* _Instructions to follow_:
From the line that contains "El Atlético frena" down to the last line of the data below, restate every line word for word, skipping any images.

* _Extracted records_:

<<<<

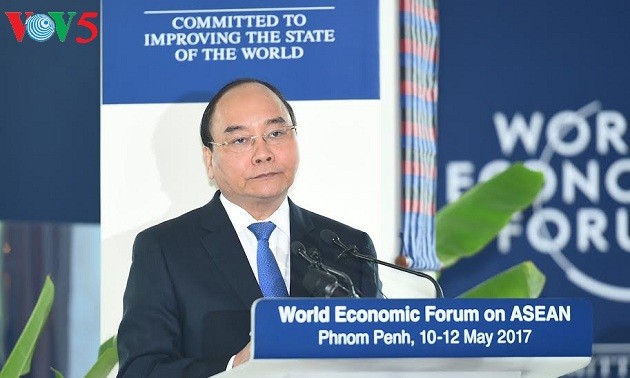 阮春福接过2018年WEF ASEAN峰会主办权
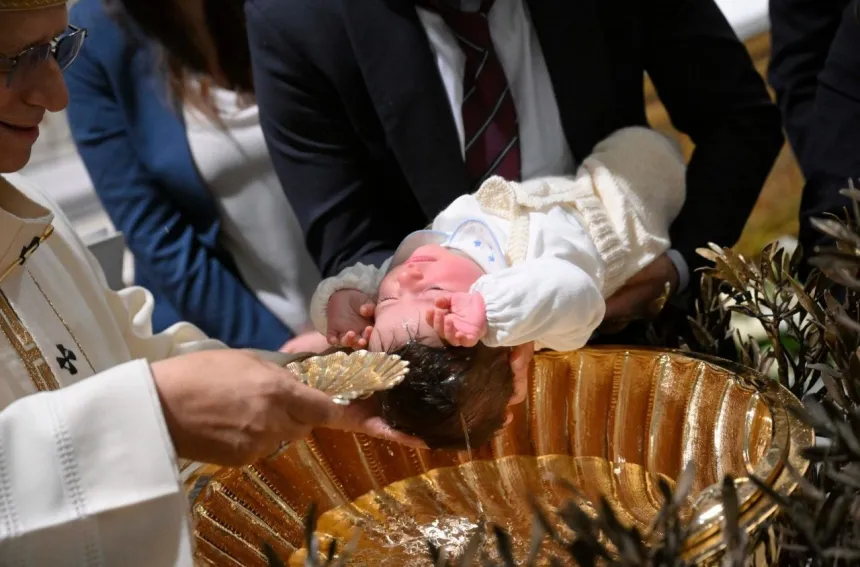 Pave Leo XIV døper et barn i Det sixtinske kapell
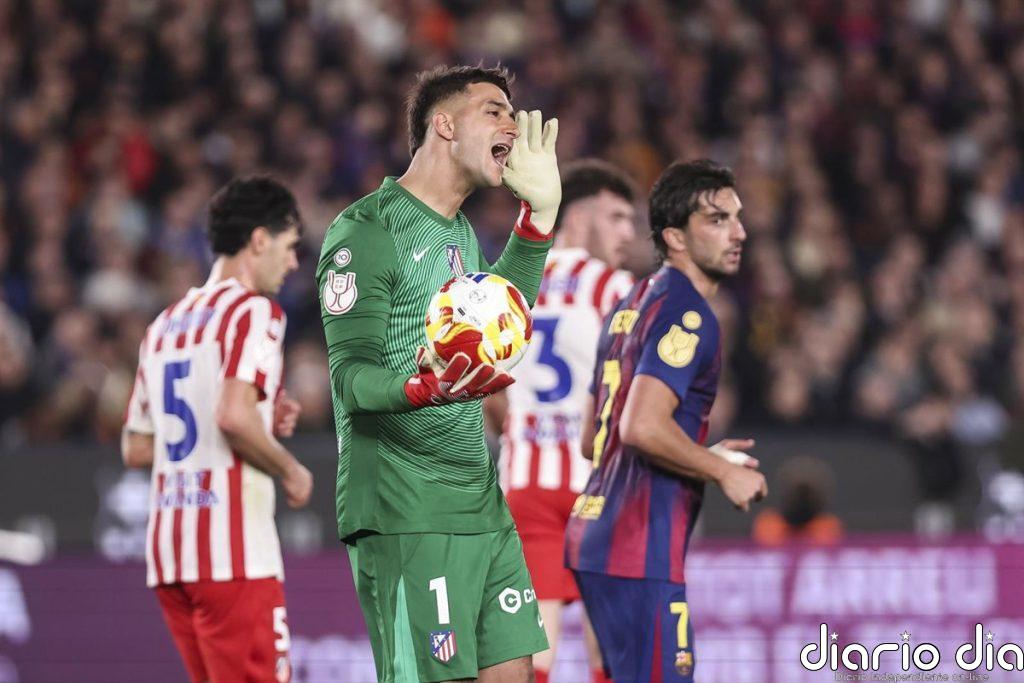 El Atlético frena con sufrimiento al Barça para jugar su 20ª final de Copa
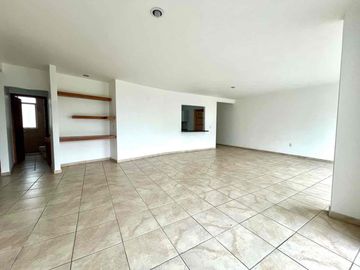 Renta departamento súper amplio en cuernavaca en la mejor zona , col delicias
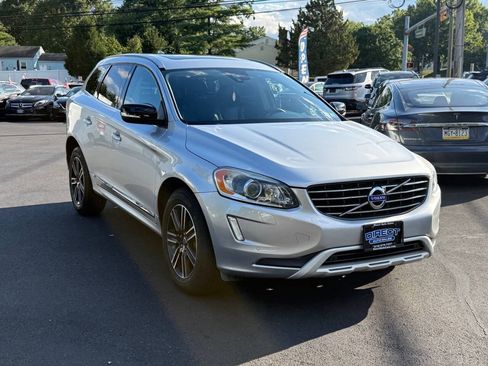 Used 2017 Volvo XC60 T5 Dynamic w/ Preferred Option Package FWD image 5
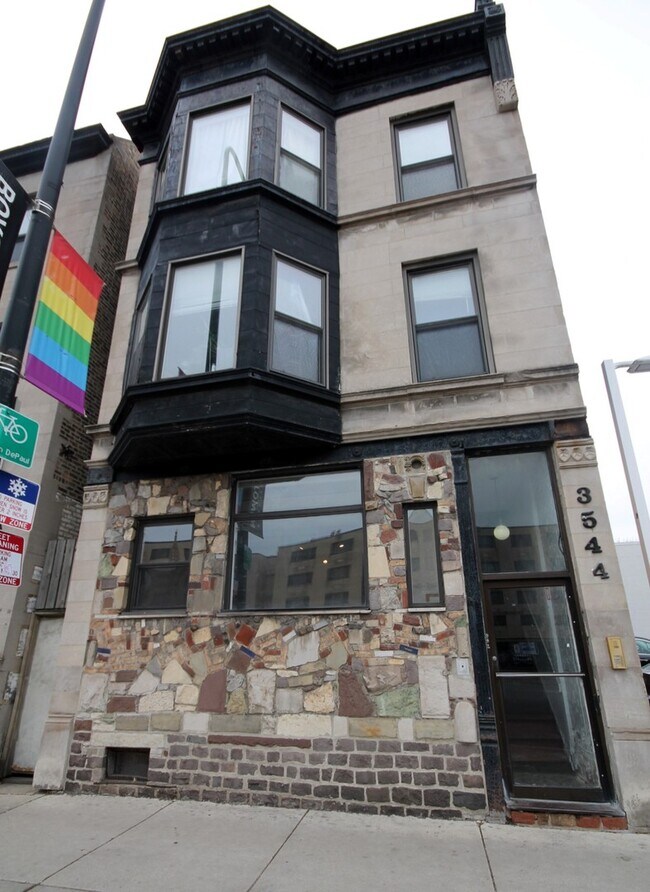 property at 3544 N Halsted St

>>>>

* _Result_:
 El Atlético frena con sufrimiento al Barça para jugar su 20ª final de Copa
 Renta departamento súper amplio en cuernavaca en la mejor zona , col delicias
 Used 2017 Volvo XC60 T5 Dynamic w/ Preferred Option Package FWD image 5
 property at 3544 N Halsted St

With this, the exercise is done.